Il n’y a pas de distanciation physique entre les acteurs d’une troupe. Personne ne porte de masque. Nous partageons les loges et les comptoirs; nous nous aidons à changer de costume entre les scènes; nous coiffons et maquillons nos collègues. Nous nous étreignons, nous nous embrassons et nous chantons tout près les uns des autres. Nous passons des mois en contact étroit avec des personnes extérieures à nos foyers, qui ont certainement elles-mêmes des contacts avec des personnes extérieures à leur foyer. L’idée d’être à nouveau aussi proche des gens après une année d’isolement est déstabilisante. Pendant plus d’un an, j’ai côtoyé peu de gens, et encore moins embrassé des inconnus sur scène.

Composer avec la PR tout en jouant sur scène était déjà un défi : la menace posée par la COVID-19 représente un risque supplémentaire pour mon système immunitaire affaibli.

Répéter en vue du prochain acte

Après s’être isolés pendant si longtemps, il est difficile de reprendre place dans le monde. À bien des égards, j’ai renoué avec ma vie au-delà des quatre murs de ma maison. Je sors pour faire mes courses hebdomadaires. Je mange dans des restaurants de mon quartier. Je voyage à travers ma province, je marche et fais du vélo en plein air.

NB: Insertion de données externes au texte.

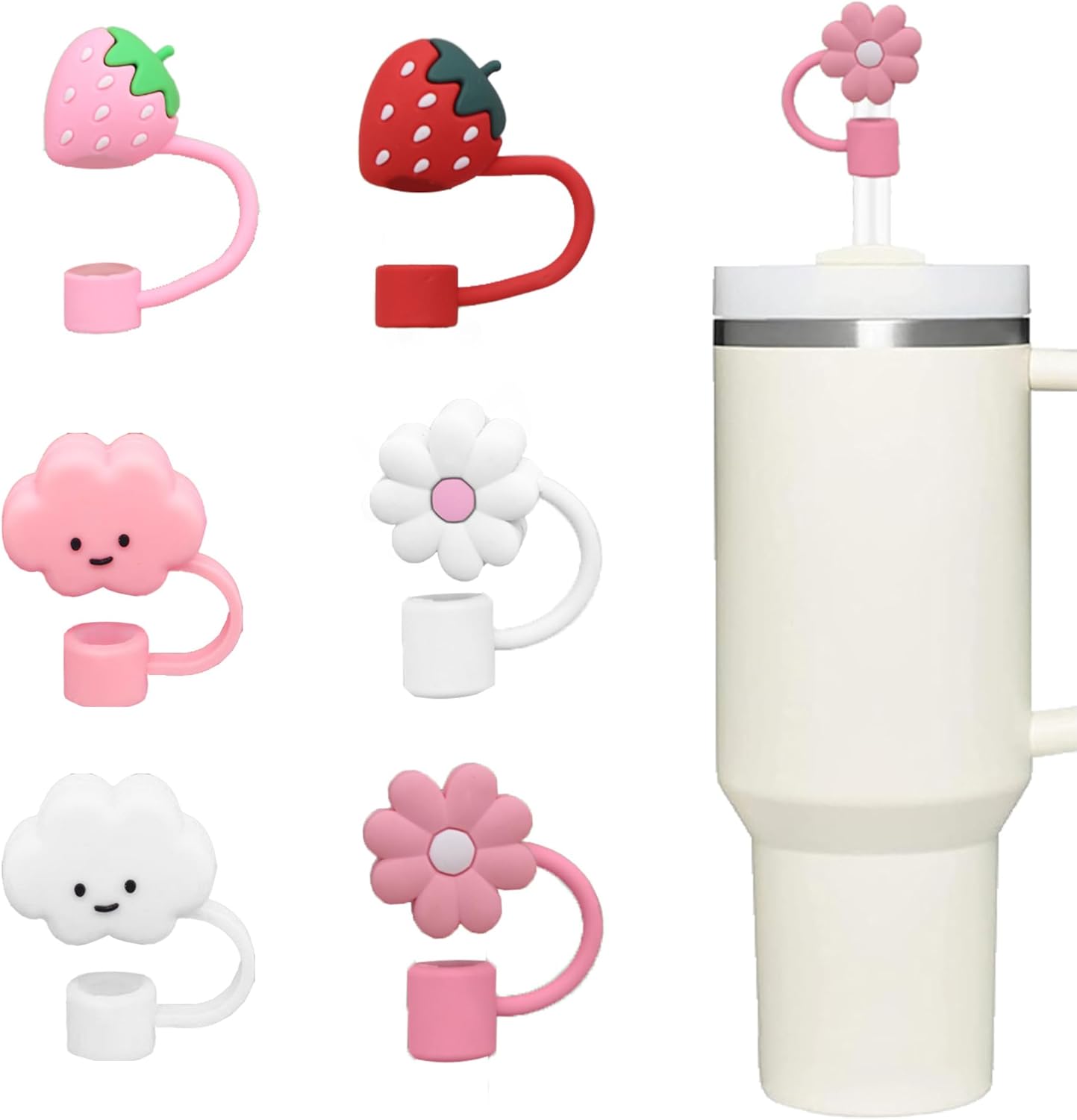 Pink Straw Cover for Stanley Cup, 10mm Silicone Straw Cover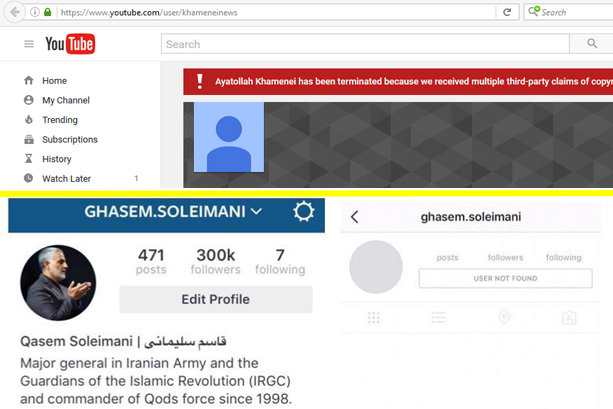 Photo of Instagram, YouTube remove Gen. Suleimani, Ayat. Khamenei’s accounts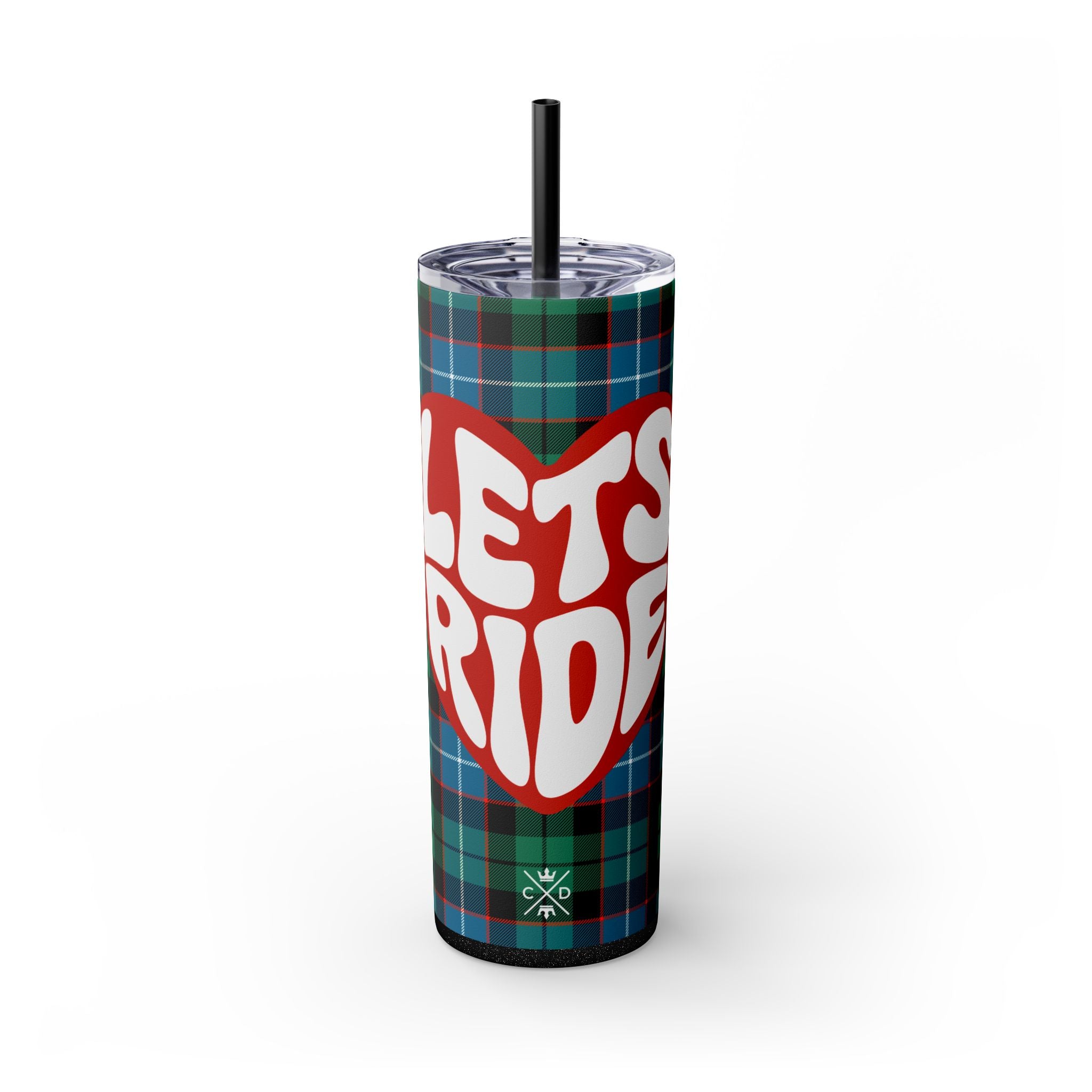 Let's Ride Plaid Skinny Tumbler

Tranquillement, ma bulle s’élargit et j’y inclus davantage de gens. Ça, c’est la partie facile. Pour retourner un jour sur scène, je dois me sentir à l’aise près d’un groupe de personnes.

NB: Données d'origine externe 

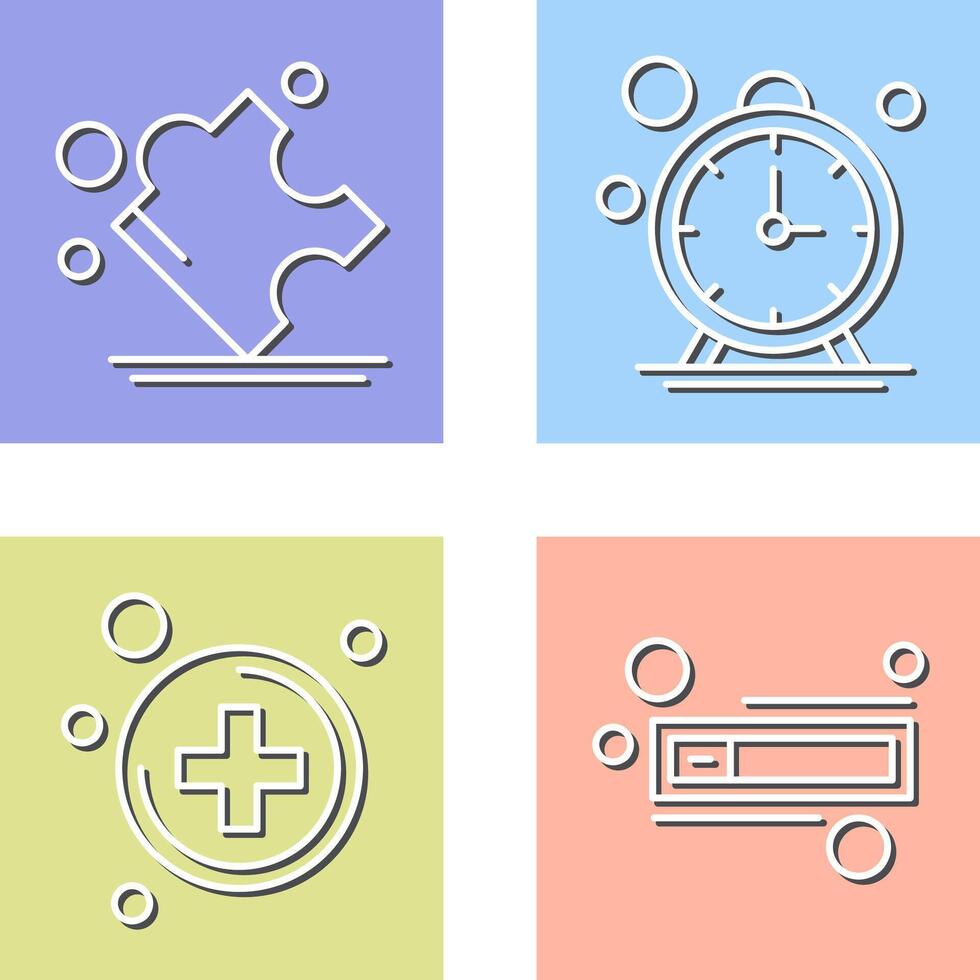 Puzzle and Stop Watch Icon vector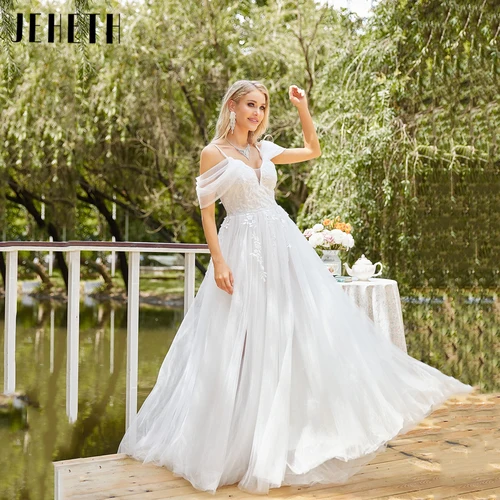 Imagen 1 del producto JEHETH-Vestidos De Novia De encaje De tul con cuello en V, Espalda descubierta, tirantes finos, Vestidos De Novia elegantes sin hombros, línea A Vestido de novia con encaje de TUL y cuello V con fideos al descubierto v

Comment? Quelles sont les prochaines étapes pour renouer avec une vie normale, mais aussi avec la vie sur scène? Je ne le sais pas avec certitude, mais je crois que c’est essentiellement une question de confiance. Je dois avoir confiance dans le fait que des protocoles de sécurité seront mis en place au théâtre, que les personnes avec lesquelles je travaille sont vaccinées (tout comme moi) et qu’elles prennent des mesures pour assurer leur sécurité : me permettant par le fait même de rester en sécurité.

Avant tout, je dois avoir confiance dans le fait que mes décisions sont les bonnes.

Il s’agit aussi d’évaluer ce que je suis prête à risquer. Mes passions ont toujours été le moteur de ma vie. Vais-je laisser une pandémie m’empêcher de vivre ma passion? Y a-t-il un moyen de concilier tous ces facteurs? Ce sont des questions auxquelles je pense constamment, et une décision que je ne peux pas prendre à la légère. De nombreuses inconnues planent encore dans l’ombre.

Prenez place

Le théâtre m’appelle. Je l’entends dans mes rêves, qui m’appelle. Quelqu’un m’a demandé quand serait mon prochain spectacle, et je n’ai pas su répondre. Le nombre de cas augmente de nouveau dans notre province. L’obligation du port du masque a été rétablie. Je ne sais pas encore comment cela se traduira pour les théâtres.

Les lumières, les costumes et le défi de donner vie au monde imaginé par les dramaturges me manquent, mais je ne suis pas certaine d’être prête à monter sur scène. Pas encore.

Pour l’instant, j’attendrai patiemment derrière le rideau mon signal, celui qui m’indiquera qu’il est temps de retrouver ma place sur scène.